Being soaked from the rain, I figured to go all out and moved out onto the not so dark Turnagain Arm mud flats estuary and study the Brown Bear as it gorged on silver salmon. The stench of rotting salmon, and decomposing vegetation was both nauseating and distracting, so that I had to remind myself to ignore the stench, and concentrate on the bear (which it was too dark to see). I was less than 40 yards from the bear but I could just see my feet and maybe four or five feet in from of me. I could hear the bear walking on the same muddy soup, but I could not tell which direction it was moving, however it was not moving towards me. Having learned and relearned enough I decided to return to the dark, dark, dark dark forest and the hike to the cabin. My clothes stunk so bad that I had to undress outside.

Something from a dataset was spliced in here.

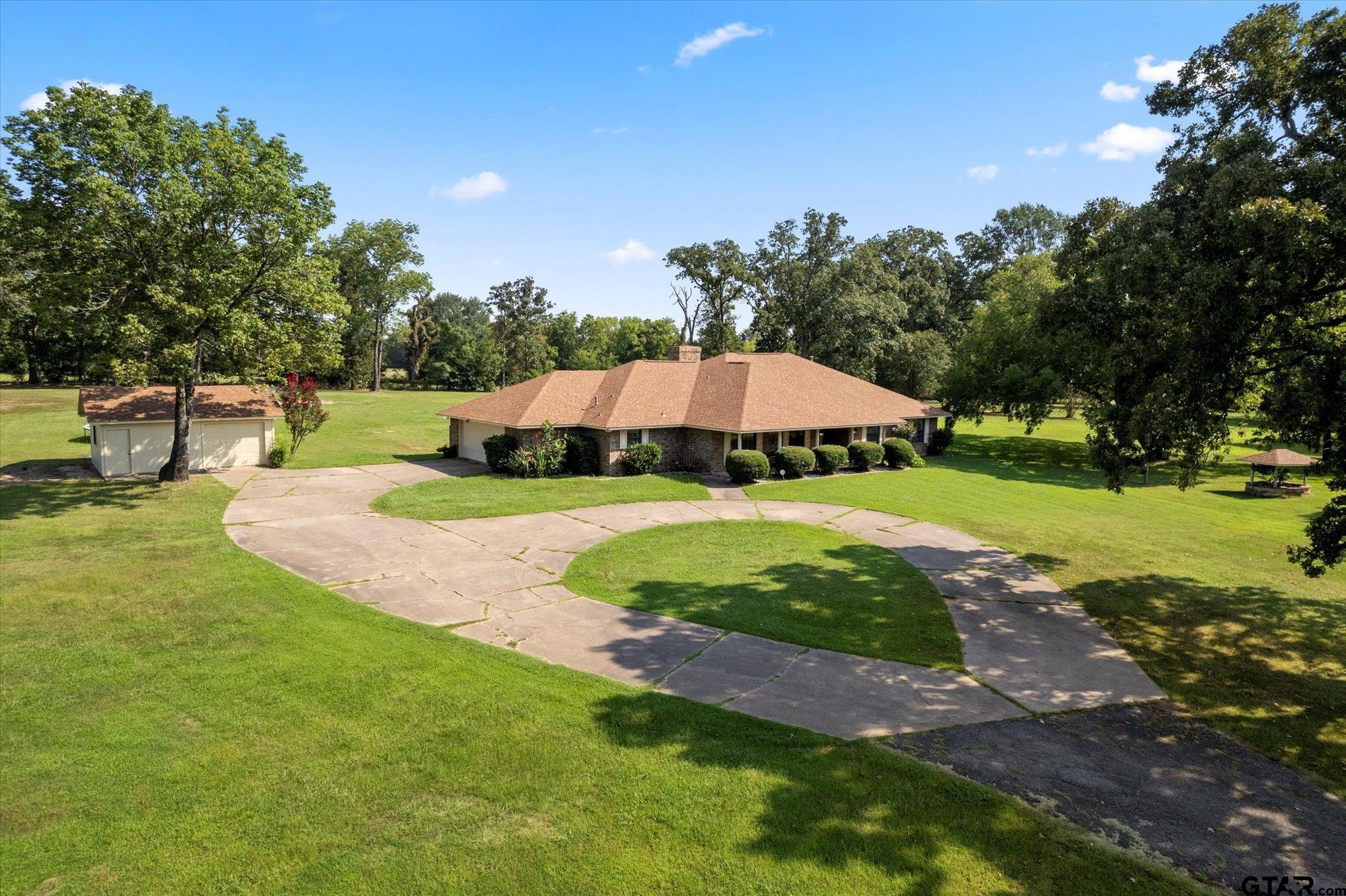 Nevills Rd, Mount Pleasant, TX 75455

Note: I have been doing this drill several times every fall for about 6 years now. And every year I get the same feed'back: "Well if you just close your eyes for 1/2 hour, when you open yours eyes then you can see great". Bull'Chit not if there is zero light.......zero.


----------



## Woody (Nov 11, 2008)

Same down here in the lower 48. On a moonless night, travel in the woods is impossible without artificial light. I have headlights with red, spot and blue options and even using the red option, once you turn it off you are helpless. With the moon and a covering of snow you can do fine, otherwise hunker down and keep your ears up.


----------



## Tirediron (Jul 12, 2010)

On a dark cloudy night with no snow cover, a person is likely to have more "ghost" images than any idea of what the surroundings are like. even on a dark cloud covered night with snow cover you can't see anything, and cows don't like it when you trip over them. Pretty sure a bear would like it even less.


----------



## Viking (Mar 16, 2009)

Many times over the years I've done my share of no flashlight trips with no moonlight or starlight in the mountains, some with logging roads, some with human trails, some with wildlife trails and many times behind our home with no trails. Often with adrenaline rushes of getting a whiff of some animal urine smell, one time in pitch dark while following a dirt road with my feet I walked up close to a deer and it snorted seemingly in my face. That put my heart up in my throat and raised a lot of goose bumps. Thankfully I've never encountered anything that would eat me, however in retrospect I wonder how many times I may have been followed by a mountain lion in my foolishness to have left a flashlight at home. I have never been without sufficient fire power but I realize those cats don't make a lot of noise unless they are walking through dry leaves, so more than likely I wouldn't have heard them coming. Now days, being older and a tad bit wiser, I strive to always have a good working flashlight while walking around in the dark. If for nothing more than keeping from being sprayed by a skunk.


----------



## bravocharli (Nov 30, 2013)

Post very nicely written and it contains useful facts. I am happy to find your distinguished way of writing the post. Thanks a lot.


----------



## Fn/Form (Nov 6, 2008)

Viking said:


> &#8230;If for nothing more than keeping from being sprayed by a skunk.


Actual LOL--this past weekend we heard a neighbor's horse shriek and buck in the dark. A very strong scent of skunk's butt bomb followed very soon after. We were laughing around the camp fire until we realized some of us planned to sleep with only a skeeter net around and us. Thankfully no probing varmints those nights.


----------